Title: Different Seasons
Author: Stephen King
Genre: story collection, horror, psychological thriller
PopSugar Reading Challenge prompt: A book that has the same title as a song
You can’t beat old school Stephen King. I’ve been digging through his old works that I’ve yet to read and just find the early stuff to be so rewarding. Last year I read Night Shift and was blown away by the story collection. Not a bad story in the entire book. The same goes for Different Seasons and its four novellas. You’re probably familiar with two or three of them.
From Goodreads:
Rita Hayworth and Shawshank Redemption–the most satisfying tale of unjust imprisonment and offbeat escape since The Count of Monte Cristo. Apt Pupil–a golden California schoolboy and an old man whose hideous past he uncovers enter into a fateful and chilling mutual parasitism. The Body–four rambunctious young boys venture into the Maine woods and in sunlight and thunder find life, death, and intimations of their own mortality. The Breathing Method–a tale told in a strange club about a woman determined to give birth no matter what.

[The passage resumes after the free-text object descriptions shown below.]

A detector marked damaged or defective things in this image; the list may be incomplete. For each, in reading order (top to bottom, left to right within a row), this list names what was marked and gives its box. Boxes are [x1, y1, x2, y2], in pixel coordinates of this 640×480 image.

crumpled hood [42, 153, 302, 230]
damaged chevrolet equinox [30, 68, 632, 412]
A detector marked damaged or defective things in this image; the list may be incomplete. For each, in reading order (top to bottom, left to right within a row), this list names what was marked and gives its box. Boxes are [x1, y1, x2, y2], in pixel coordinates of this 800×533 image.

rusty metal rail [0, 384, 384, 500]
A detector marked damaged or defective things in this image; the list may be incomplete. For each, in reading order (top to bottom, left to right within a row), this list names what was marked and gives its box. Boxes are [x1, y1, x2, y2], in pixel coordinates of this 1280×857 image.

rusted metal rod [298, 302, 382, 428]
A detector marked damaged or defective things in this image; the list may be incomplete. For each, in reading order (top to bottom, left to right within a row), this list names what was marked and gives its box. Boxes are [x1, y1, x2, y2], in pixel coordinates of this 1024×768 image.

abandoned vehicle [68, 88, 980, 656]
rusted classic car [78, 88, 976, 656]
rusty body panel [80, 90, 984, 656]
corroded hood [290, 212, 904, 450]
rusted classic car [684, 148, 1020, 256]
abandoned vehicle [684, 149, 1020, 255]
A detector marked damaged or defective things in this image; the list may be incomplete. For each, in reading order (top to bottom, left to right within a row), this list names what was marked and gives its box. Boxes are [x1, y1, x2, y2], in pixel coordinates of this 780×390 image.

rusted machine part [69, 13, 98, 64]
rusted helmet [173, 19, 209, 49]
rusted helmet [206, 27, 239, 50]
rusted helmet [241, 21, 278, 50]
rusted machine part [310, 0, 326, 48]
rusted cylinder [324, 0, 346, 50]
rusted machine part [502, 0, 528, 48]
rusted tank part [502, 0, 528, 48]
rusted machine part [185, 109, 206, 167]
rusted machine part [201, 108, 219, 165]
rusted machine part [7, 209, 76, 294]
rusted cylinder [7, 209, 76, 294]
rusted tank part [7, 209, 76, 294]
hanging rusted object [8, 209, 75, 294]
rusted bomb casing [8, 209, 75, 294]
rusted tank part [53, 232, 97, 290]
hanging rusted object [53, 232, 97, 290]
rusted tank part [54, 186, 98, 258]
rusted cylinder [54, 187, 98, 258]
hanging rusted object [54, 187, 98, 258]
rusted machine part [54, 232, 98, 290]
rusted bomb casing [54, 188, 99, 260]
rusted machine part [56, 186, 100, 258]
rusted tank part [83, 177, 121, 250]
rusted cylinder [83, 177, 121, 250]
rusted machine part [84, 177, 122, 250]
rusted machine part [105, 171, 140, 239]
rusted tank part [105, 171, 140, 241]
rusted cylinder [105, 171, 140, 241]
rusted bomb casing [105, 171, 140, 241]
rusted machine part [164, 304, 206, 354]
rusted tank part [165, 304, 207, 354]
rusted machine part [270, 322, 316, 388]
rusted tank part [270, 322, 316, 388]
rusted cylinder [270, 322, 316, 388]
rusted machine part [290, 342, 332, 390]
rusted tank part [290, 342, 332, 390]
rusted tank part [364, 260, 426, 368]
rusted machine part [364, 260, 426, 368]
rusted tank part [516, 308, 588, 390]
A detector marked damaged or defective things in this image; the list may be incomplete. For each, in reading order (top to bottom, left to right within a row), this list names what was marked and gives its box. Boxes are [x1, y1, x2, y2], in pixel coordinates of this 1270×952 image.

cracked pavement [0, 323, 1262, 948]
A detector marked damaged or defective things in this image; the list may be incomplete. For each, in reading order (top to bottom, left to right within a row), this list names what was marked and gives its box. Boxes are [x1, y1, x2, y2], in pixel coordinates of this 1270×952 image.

Three of these have been turned into movies, two of those are classics. Shawshank Redemption is one of the best all-time movies, and the story itself was fantastic. The movie features some entire passages of dialogue from the novella. Red, the narrator, is actually an Irishman in the book, but I couldn’t help but hear Morgan Freeman’s voice. The movie fleshes out the plot, but overall the similarities are fantastic. I loved it.
Also, The Body is the movie Stand By Me, which is a movie I’m not as familiar with, but I believe is still a great adaptation. I remember a lot of similarities between the two. And it’s just a beautifully written story. The friendships and heartbreaks of childhood. This novella was, in my mind, a precursor for IT.
Apt Pupil is the most horrifying thing I’ve read of King’s. Scary clowns, vampires, haunted hotels, just don’t scare me. They aren’t real. And most of his books have enough of a supernatural element that they are unrealistic enough not to terrify me. But Apt Pupil, written in the early 80s is about a teenager obsessed with Nazis. I read Rage, which is about a school shooting, and it was pretty terrible subject matter. But Apt Pupil takes the terror to a completely different level.
The last story isn’t enough to be a movie (I say that now, but Lawnmower Man certainly wasn’t movie caliber and that happened…) but I still enjoyed it. Unlike the others, this had a touch of supernatural or mystery to it, but it was also just a bit of a ghost story, so who knows what really happened.
I’m loving going to King’s older works and digging through them. I’ve read so much of his new stuff, which is great, but it’s like listening to The Beatles. There’s the early stuff, the middle starting to get weird stuff, and there’s the super crazy late stuff (my favorite). With King there’s the super crazy early stuff, the middle cocaine fueled stuff, and then the lighter newest stuff. I’m pretty sure the super crazy early books are my favorite. They just never disappoint.